Children under the age of 12 can fish without a license and they do nor need to have a licensed adult with them.
Children ages 12 and 13 are required to possess a $5.00 fishing license or combination license and anyone 14 or older must possess a Utah fishing license or combination license.
These regs changed a few years ago so some people that haven't read the current regs don't know about the changes.
Ignorance of the law is not an acceptable defense.

The other thing that happens way too much is what I call party fishing.
This is where 2 or more people fish and keep more than their limit, no matter who caught the fish, in order to fill other anglers limits.
You can only catch and possess 1 limit of fish and you can not donate fish to someone else at the place you are fishing at.
Daily bag limits and possession limits are the same.
There was a time when you could possess 2 daily limits but not now.
Donating must me done at your homes and accompanied by a letter with the required information.

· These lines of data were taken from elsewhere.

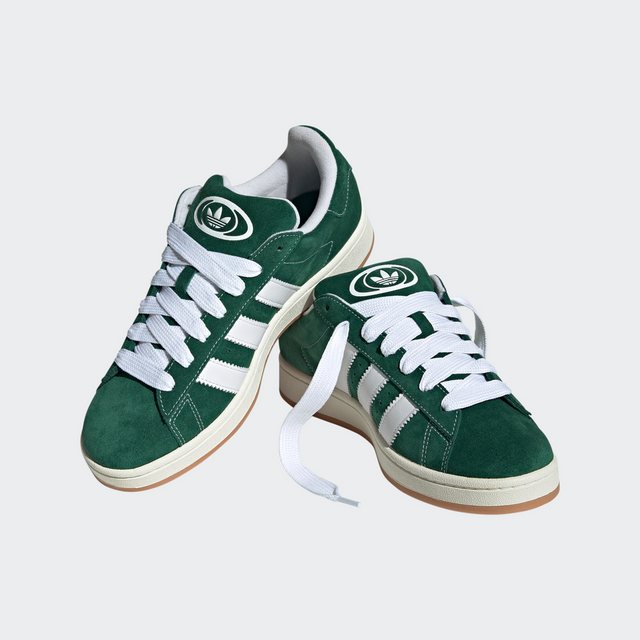 adidas Originals CAMPUS 00S Sneaker (Dark Green / Cloud White / Off White)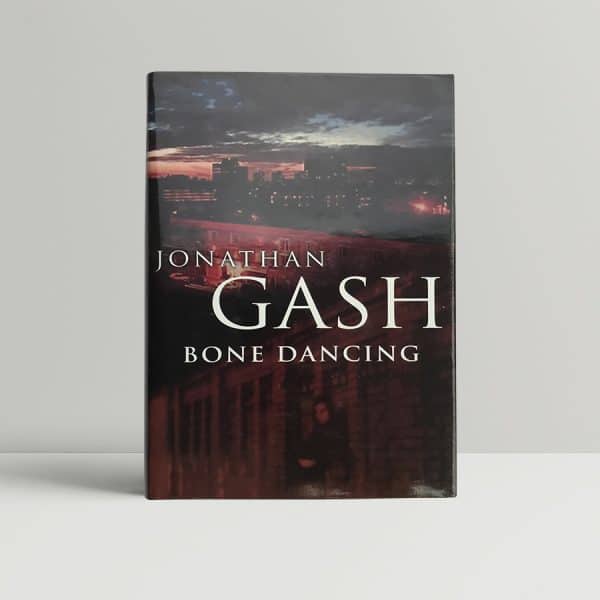 jonathan gash bone dancing signed 1st ed1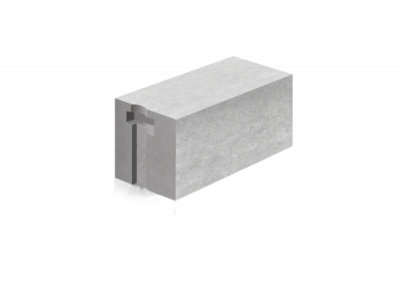 Газобетон ЛСР Сертолово D400, 625*250*300 мм, прямой блок  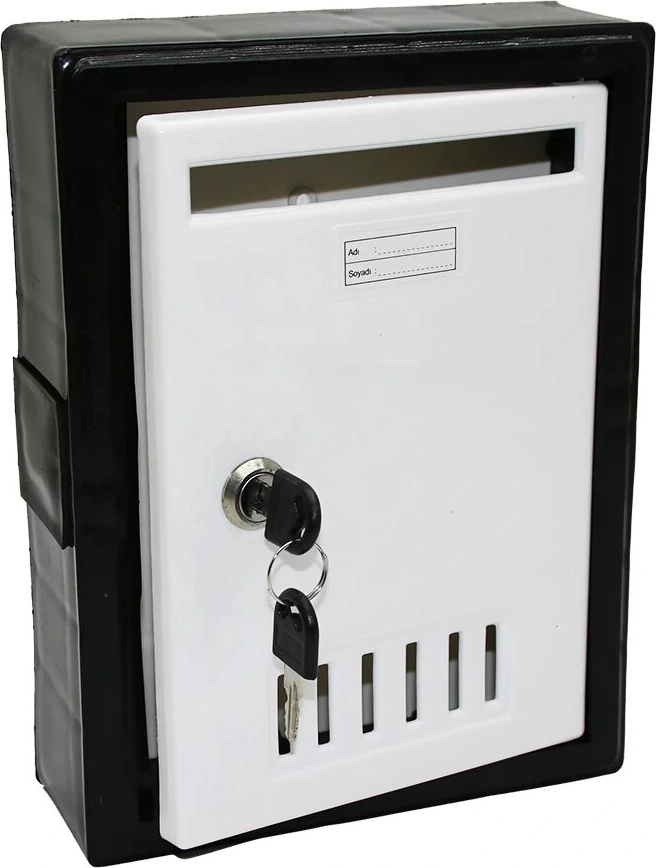 Plastik Siyah Posta Kutusu (4172)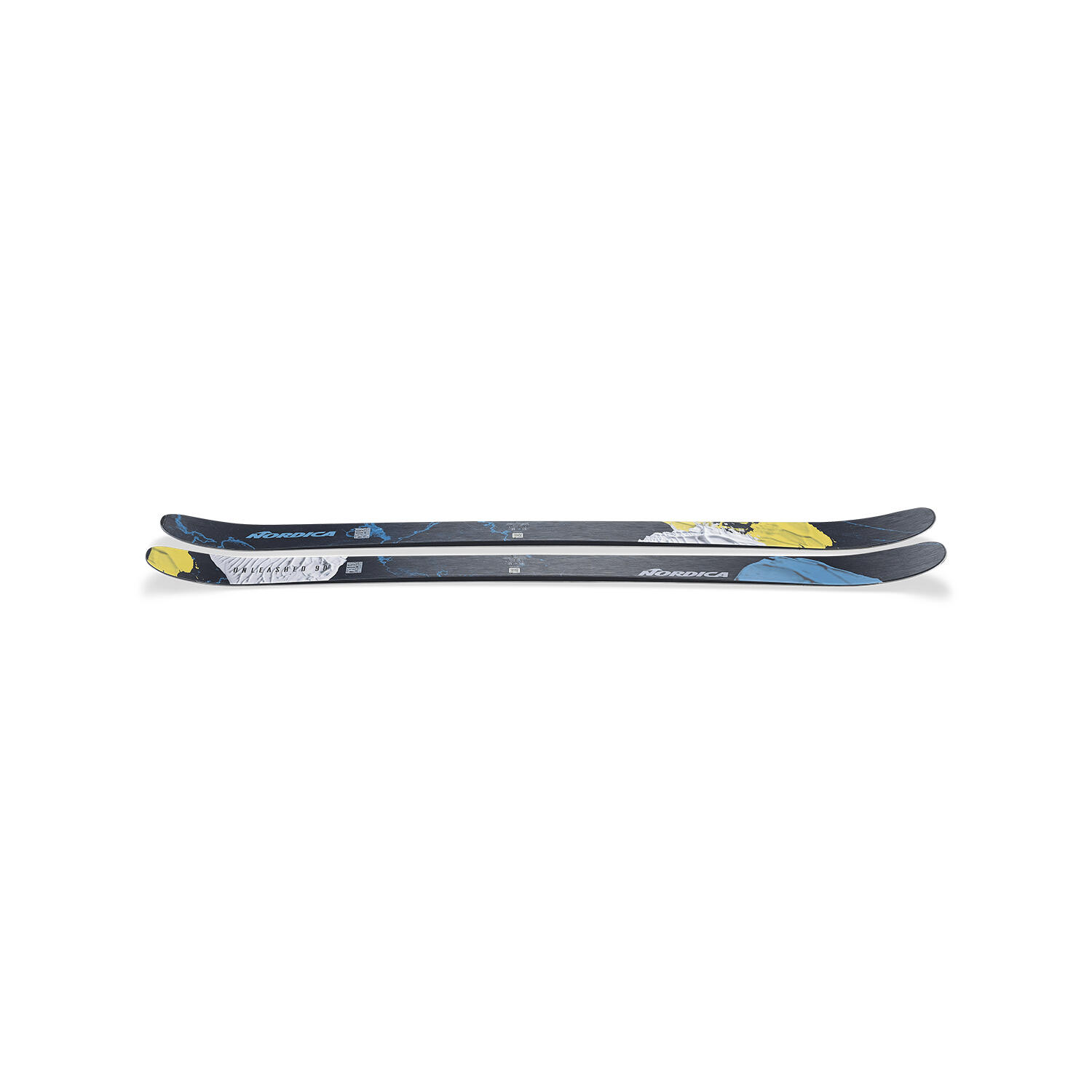 Sci Nordica Unleashed 90 Blue da uomo (senza attacchi) 2/3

Another law that is often broken is culling.
This is where you have a trout in your possession and later release it in order to replace it with another fish.
Once you have a trout on a stringer or in a live well you must keep that trout.

When in doubt, read the Proclamation.


----------



## tye dye twins (Mar 8, 2011)

Hmmm..... shoulda called them in for "Party fishing" since their was 1 pole and 1 angler reeling almost all of them in (more than 2). Thanks for the info.


----------



## Critter (Mar 20, 2010)

It's getting bad when you need the DOW's poaching number on you cell phones speed dial. But then that is what it is coming to.


----------



## sinergy (Mar 6, 2008)

When you say "pond" do you mean a Community Fishery ?

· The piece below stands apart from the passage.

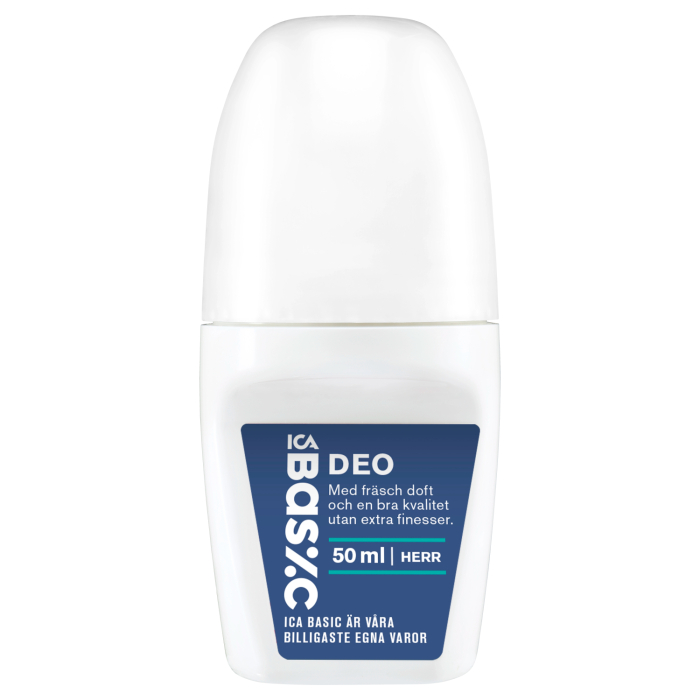 DEZODORANTS ICA BASIC VĪRIEŠIEM 50ML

Community ponds have a 2 fish limit were as allot of lakes & reservoirs have different bag limits so in your scenario were you have 2 licensed anglers and 2 kids 12 and under 8 would be the limit.

Community fishing 
waters

The following rules apply to all the fisheries listed below:
•	Limit 2 fish. (Daily bag and possession 
limit is a combined total of 2 fish for all

Top of page on pages 20/21
http://wildlife.utah.gov/guidebooks/201 ... g_high.pdf


----------



## Troll (Oct 21, 2008)

tye dye twins said:


> Hmmm..... shoulda called them in for "Party fishing" since their was 1 pole and 1 angler reeling almost all of them in (more than 2). Thanks for the info.


Is that what it's called when you let your kid reel in all the fish? Party fishing?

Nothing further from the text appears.